The colonization of America has had a considerable impact on the New World and the Native population of both Americas. At the same time, the colonization of Americas conducted by different nations differed. For instance, the colonization of America by the British was quite different from the colonization of American by the Spaniards, although the ultimate effect of the colonization was similar since both nations expelled Native Americans and provoked the rapid decline of their civilization. The difference in the colonization of America by the British and Spaniards was, to a significant extent, the result of different goals and motives of the process of colonization.

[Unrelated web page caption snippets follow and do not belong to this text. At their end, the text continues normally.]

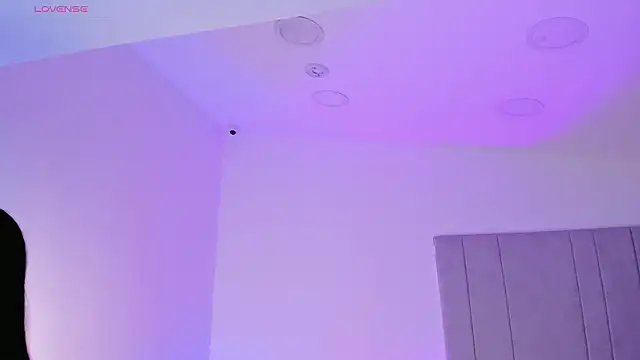 kaylarossi's cam snapshot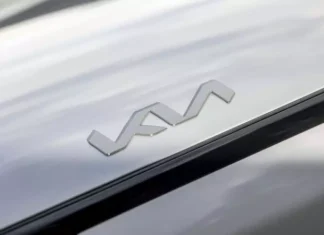 Kia Stonic в июле 2026: как корейцы продают здравый смысл дешевле конкурентов
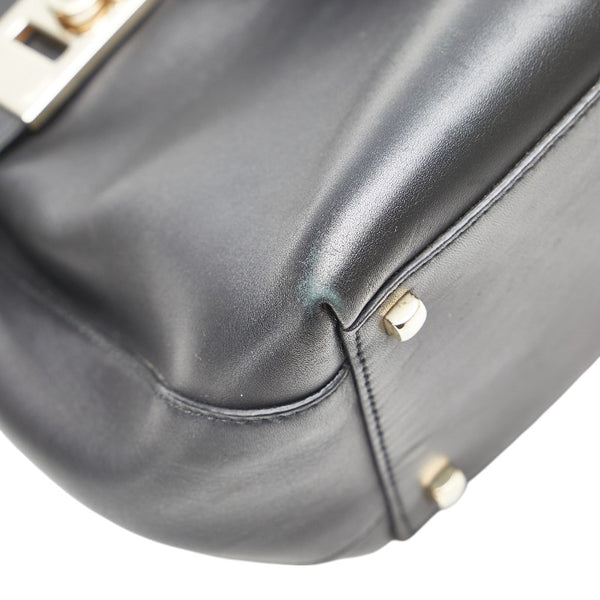 サルヴァトーレフェラガモ ガンチーニ ハンドバッグ ショルダーバッグ 2WAY AQ-21 0167 ブラック レザー レディース Salvatore Ferragamo 【中古】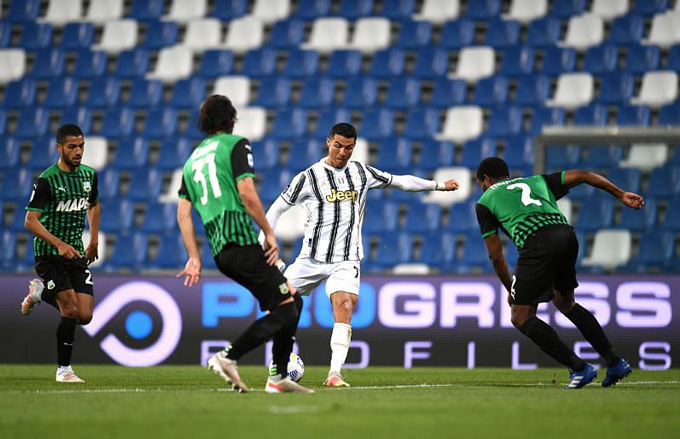 Việc phụ thuộc vào Ronaldo khiến cách chơi của Juventus bị chậm hẳn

At the beginning of the colonization, the British often settled as missionaries or took free land, where they settled. They arrived to America and found the free, unoccupied land, where they settled. As a rule, they settled on the shore of the Atlantic Ocean or on banks of large rivers, which could be used for navigation to maintain the regular communication of colonists with the mainland Britain.

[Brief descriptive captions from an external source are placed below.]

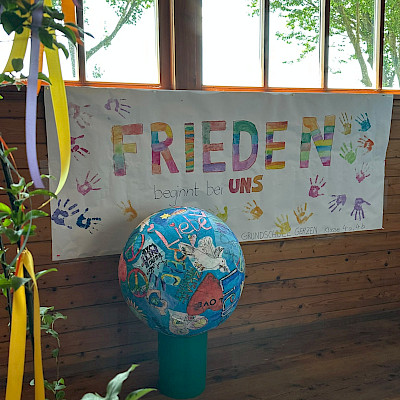 Gemeinschaftsbild der Klassen 4a und 4b der Grundschule Gerzen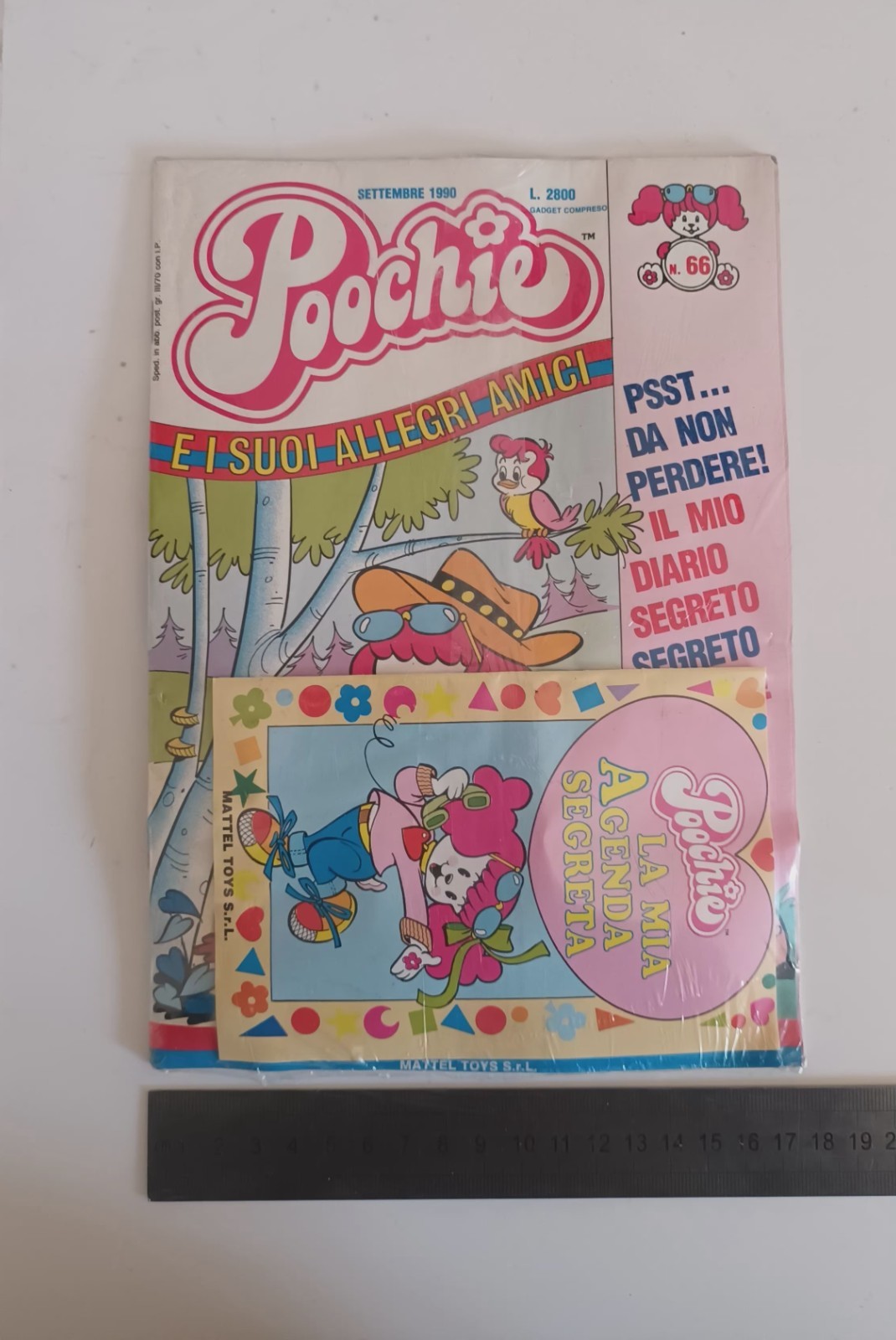 POOCHIE MAGAZINE AND HIS CHEERFUL FRIENDS MONDADORI magazine sealed from newsstand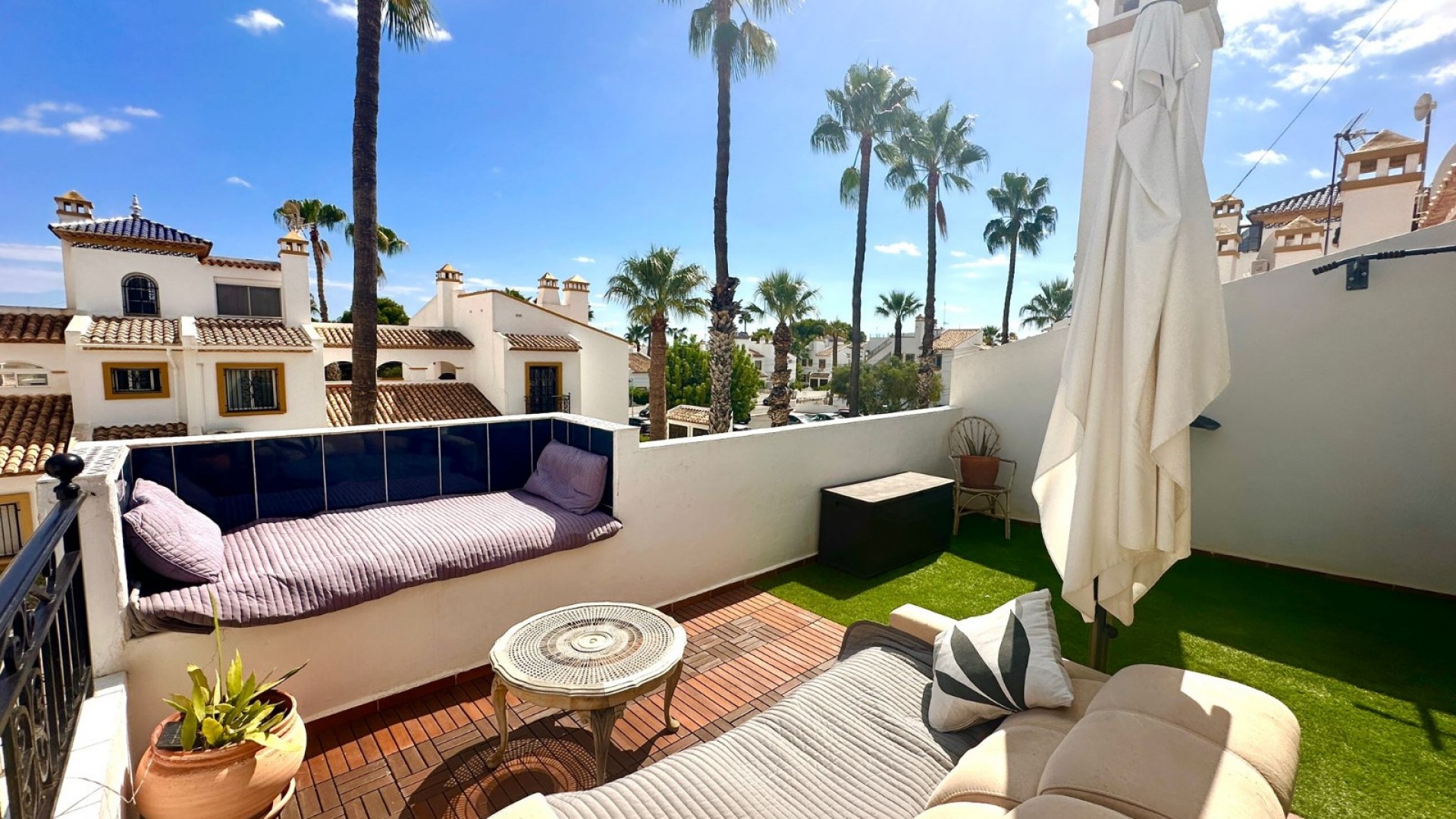 Återförsäljning - Radhus -
Orihuela Costa - Villamartín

They looked for the new land that was the major driver of their migration to America. Running out of free land in Britain, the British were just forced to look for new land in the New World. In spite of difficult conditions of living, they settled in America, where they could take free land without any resistance from Native Americans, who were not interested in farming as much as the British, and who could not just resist to the British because of their lower level of technical and military development.

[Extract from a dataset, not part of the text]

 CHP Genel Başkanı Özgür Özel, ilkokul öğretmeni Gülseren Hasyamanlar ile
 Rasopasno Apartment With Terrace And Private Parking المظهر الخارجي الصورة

In contrast, the Spaniards looked for gold and enrichment that forced them to accelerate their exploration of the New World and colonization of both Americas. Spaniards came into clashes with local tribes in search of gold. They attempted to take the gold from Native Americans and they conquered the leading civilizations of America, including those of Aztecs and Incas. Spaniards attempted to take as much gold as possible and the government supported colonists and organized government-sponsored expeditions to Americas.
The British had conflicts with Native Americans over land and trade. Unlike Spaniards, they were interested in the development their economic relations, farming, trades, and businesses in America. As a result, often colonists were not supported by the government but the British government understood the significance of colonies and started to use them as the territory of the military expansion of Great Britain. In such a way, America became strategically important for Great Britain, while colonists remained relatively free in the colonization and the government did not restrict the colonization substantially through specific expeditions as the Spanish government did. Spaniards’ only concern was gold and exploitation of natural resources of Americas.
However, both the British and Spaniards pretended to conduct the colonization as the process of conversion of Native Americans to the true faith. In this regard, the British and Spaniards also differed because the British colonists were protestants mainly, while Spaniards were devoted Roman Catholics. They attempted to convert Native Americans to Christianity but, in actuality, their policies were far from Christian principles.
Thus, the British and Spanish colonization provoked the destruction of Native American civilization, although the British were looking for the free land mainly, while Spaniards were driven by the search of gold.